Opinion: Second-class treatment at regional airports
CONNECTING THE DOTS
Free Press Opinion Columnist
There are days when I get reminded of how, despite the great airport we have, we are seen by the airlines as rural, second-class hicks. We’ve been overcharged for years, for example.
And it’s not the fault of those multi-tasking airline workers who have to do everything — check us in, load our baggage, take our tickets. For small markets like Grand Junction, it’s “Express” commuter flights that take us to a hub, where typically we get on a “real” airplane.
Now another operating decision shoves us further into second-class status: cancellations.
Here’s how it works. Harsh winter weather jammed up bunches of flights to and from major airline hubs. With planes sitting at our gates, why would those cancellations affect our flying to Denver? You’ll be interested to know the big carriers control commuter schedules.
When the federal Air Traffic Control tells airlines to cancel flights, it’s the airlines who pick which planes to ground. It’s also simple math; the big airlines hit their commuter partners hard. Flights with 40 or less passengers are sure to be high on the hit list.
Oops! That’s us.
Yes, you will eventually be served. No, you won’t be on time.
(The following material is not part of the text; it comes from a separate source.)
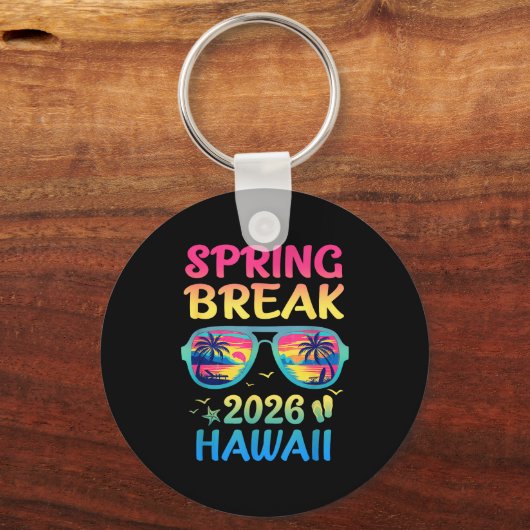 Spring Break Hawaii 2026 Vacation Trip Sungles  キーホルダー (正面)
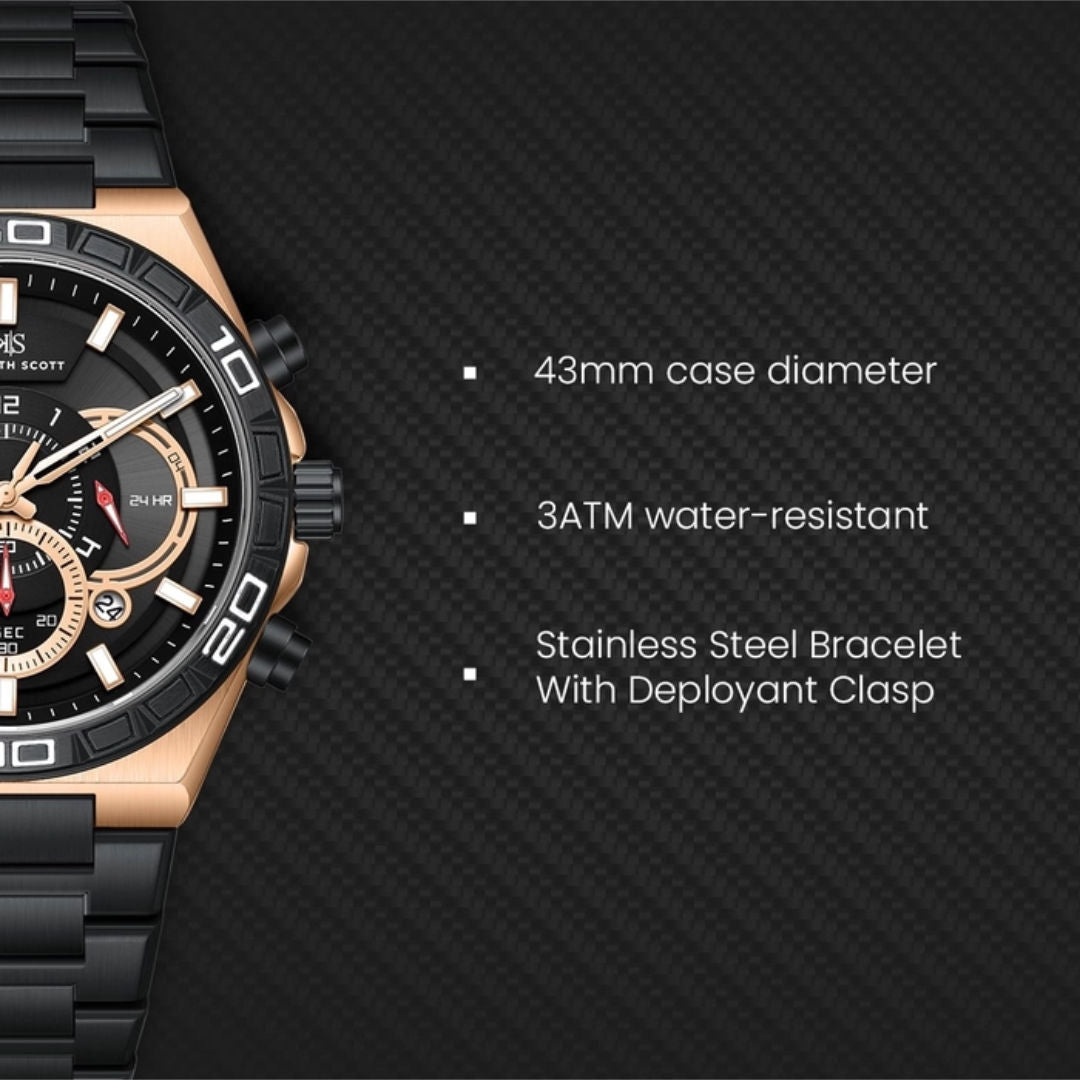 KENNETH SCOTT Men's Chronograph Black Dial Watch, K26101-KBBB Series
Greg Hart, United’s chief operations officer, said the obvious: “The simple driving factor is that you want to impact as few passengers as you can.”
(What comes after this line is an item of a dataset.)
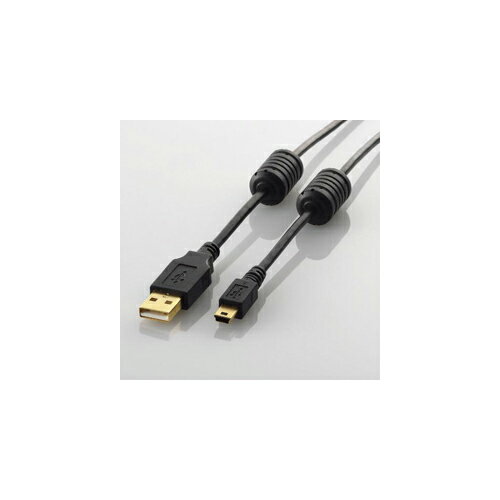 エレコム フェライトコア付きUSB2.0ケーブル U2C-MF50BK | PC 周辺機器 関連：usbメモリ タイプ 容量 ハブ コンセント ケーブル 充電器 変換 type アダプタ 充電 メモリー 延長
And poor United has had real problems this winter. Terrible weather and runway closures in San Francisco, Chicago and Newark, all United hubs, rippled all the way to Grand Junction.
This type of issue hit close to home when my brother, Jim, took a trip in late December. He was due out of Grand Junction on a 10 a.m. flight, and then continuing on at 12:15 p.m.
United notified him late in the day prior, via email, that his flight was canceled “by Air Traffic Control.” They would “protect” him on the same schedule the next day. Instead he got rebooked on an 8 a.m. flight.
Oops again: When he got to the airport, that early flight was canceled! It was snowing in both Grand Junction and Denver. The stranded fliers finally got to Denver about 1:30 p.m., and of course he missed his connection. He managed to snag a seat on a 3 p.m. flight.
All was well. Passengers were aboard, baggage was stowed. All they needed was to push back and head for the de-icing line. An hour later the pilot reported the bad news.
“This flight has been canceled by Air Traffic Control. Everyone needs to deplane and go to a United service counter.”
Jim luckily snagged a seat on a 10:15 p.m. departure. After three cancellations, what could go wrong!
No, it was not canceled. But it was delayed an hour and a half. He finally arrived at 1:40 a.m. (yep, the next day) after 20 long hours spent mostly in airports.
Now, back to ticket prices. GJT to DIA, round-trip, typically costs anywhere from $444 to $701. You can however fly round-trip Los Angeles to New York City — 6,000 miles of flying — for $254. It has been that way since airline deregulation from President Jimmy Carters’ day.
Small-town America: not only are we second-class, small-city hicks in fares; we now are steerage class in service.
Ah, the friendly skies. Makes you almost long for regulation again!
Free Press columnist Ken Johnson is founder of the Grand Junction Free Press and former owner/publisher of The Daily Sentinel. He spends his time between the Grand Valley and California.